05.09.2014 17:00 |

"Geht um Lesbarkeit"

Zurück an den Start: Binnen-I vor dem Aus

Walburg Ernst ist alles, nur keine Feministin, sagt sie selbst. Sie steht aber hundertprozentig hinter der Förderung von Frauen. Mit einem großen "I" sei keiner davon geholfen - dabei bleibt sie, und dafür wurde sie auch mit ihrem Normierungskomitee in die Wüste geschickt. Das Binnen-I damit ebenso: Denn das stieß bereits 2007 offiziell auf Ablehnung, so ist es festgeschrieben.
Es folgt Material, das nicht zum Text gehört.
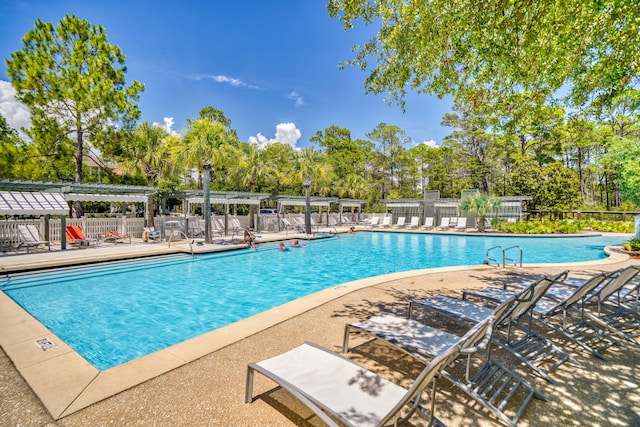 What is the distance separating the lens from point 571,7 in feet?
13.8

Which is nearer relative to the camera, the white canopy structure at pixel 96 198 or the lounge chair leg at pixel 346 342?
the lounge chair leg at pixel 346 342

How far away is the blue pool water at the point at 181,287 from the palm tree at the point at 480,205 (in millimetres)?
5807

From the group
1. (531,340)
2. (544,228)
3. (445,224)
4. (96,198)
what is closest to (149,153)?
(96,198)

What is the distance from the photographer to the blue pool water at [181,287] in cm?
523

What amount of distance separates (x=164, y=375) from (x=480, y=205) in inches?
849

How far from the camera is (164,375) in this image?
294 cm

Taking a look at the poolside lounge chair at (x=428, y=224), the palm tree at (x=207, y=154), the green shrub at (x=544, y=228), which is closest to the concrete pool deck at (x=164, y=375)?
the palm tree at (x=207, y=154)

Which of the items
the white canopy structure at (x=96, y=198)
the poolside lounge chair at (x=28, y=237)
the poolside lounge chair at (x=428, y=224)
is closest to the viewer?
the poolside lounge chair at (x=28, y=237)

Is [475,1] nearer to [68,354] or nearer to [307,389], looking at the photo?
[307,389]

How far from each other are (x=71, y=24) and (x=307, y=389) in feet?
88.7

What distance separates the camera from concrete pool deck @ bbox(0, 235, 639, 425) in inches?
92.9

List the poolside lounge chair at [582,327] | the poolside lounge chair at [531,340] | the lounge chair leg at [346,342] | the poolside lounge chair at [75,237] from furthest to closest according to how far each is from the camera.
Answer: the poolside lounge chair at [75,237], the poolside lounge chair at [582,327], the lounge chair leg at [346,342], the poolside lounge chair at [531,340]

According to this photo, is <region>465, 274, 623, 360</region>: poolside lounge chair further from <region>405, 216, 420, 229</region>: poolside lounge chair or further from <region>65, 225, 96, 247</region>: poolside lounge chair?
<region>405, 216, 420, 229</region>: poolside lounge chair

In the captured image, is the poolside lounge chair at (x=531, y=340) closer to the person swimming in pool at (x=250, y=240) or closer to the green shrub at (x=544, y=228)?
the person swimming in pool at (x=250, y=240) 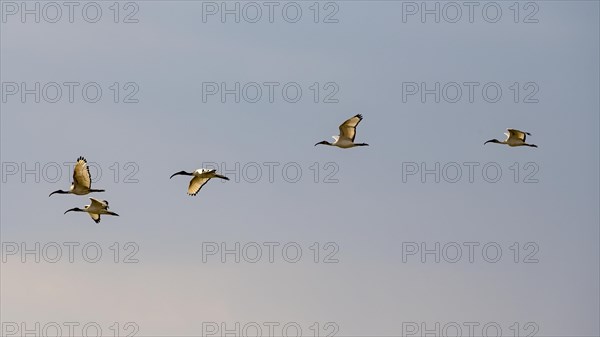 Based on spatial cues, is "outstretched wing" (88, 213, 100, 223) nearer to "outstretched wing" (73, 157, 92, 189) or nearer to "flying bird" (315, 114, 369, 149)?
"outstretched wing" (73, 157, 92, 189)

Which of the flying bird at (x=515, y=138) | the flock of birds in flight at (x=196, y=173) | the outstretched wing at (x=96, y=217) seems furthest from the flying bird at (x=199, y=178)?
the flying bird at (x=515, y=138)

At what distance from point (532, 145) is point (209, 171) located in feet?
45.4

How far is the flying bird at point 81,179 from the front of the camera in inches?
2677

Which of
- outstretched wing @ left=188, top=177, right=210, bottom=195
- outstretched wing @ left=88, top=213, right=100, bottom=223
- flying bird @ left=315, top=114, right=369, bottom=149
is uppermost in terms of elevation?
flying bird @ left=315, top=114, right=369, bottom=149

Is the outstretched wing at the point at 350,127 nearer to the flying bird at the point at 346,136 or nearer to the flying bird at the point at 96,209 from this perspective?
the flying bird at the point at 346,136

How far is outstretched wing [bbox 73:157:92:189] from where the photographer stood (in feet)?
223

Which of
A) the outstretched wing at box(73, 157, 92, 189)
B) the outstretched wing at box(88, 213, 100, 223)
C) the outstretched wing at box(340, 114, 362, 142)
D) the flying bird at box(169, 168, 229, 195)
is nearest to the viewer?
the outstretched wing at box(73, 157, 92, 189)

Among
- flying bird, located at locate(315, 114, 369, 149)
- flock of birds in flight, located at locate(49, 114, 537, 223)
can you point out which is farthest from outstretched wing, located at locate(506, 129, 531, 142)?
flying bird, located at locate(315, 114, 369, 149)

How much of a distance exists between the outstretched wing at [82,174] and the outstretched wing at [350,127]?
34.6ft

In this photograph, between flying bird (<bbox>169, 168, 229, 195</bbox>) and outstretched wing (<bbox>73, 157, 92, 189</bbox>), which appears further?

Dass ein senkrechter Strich derart das Land entzweien kann, ist schier unglaublich - dem "I" ist es aber gelungen. SchülerInnen, LehrerInnen, RichterInnen: Männlein und Weiblein "müssen" vereinheitlicht werden. Ernst, Ex-Vorsitzende des mittlerweile aufgelösten "Komitees 045", kostet das ein Kopfschütteln:

"Uns ist es nicht darum gegangen, geschlechtergerechte Sprache abzuschaffen. Es geht um lesbare Texte, vor allem um Lesekompetenz unserer Schüler. Außerdem wird bei dieser Debatte auch auf blinde Menschen vergessen - sie können dieses I weder lesen noch aussprechen." In der Sprachbibel schlechthin - dem Duden - ist der überdimensionale Selbstlaut mitten im Wort gar nicht erst zu finden.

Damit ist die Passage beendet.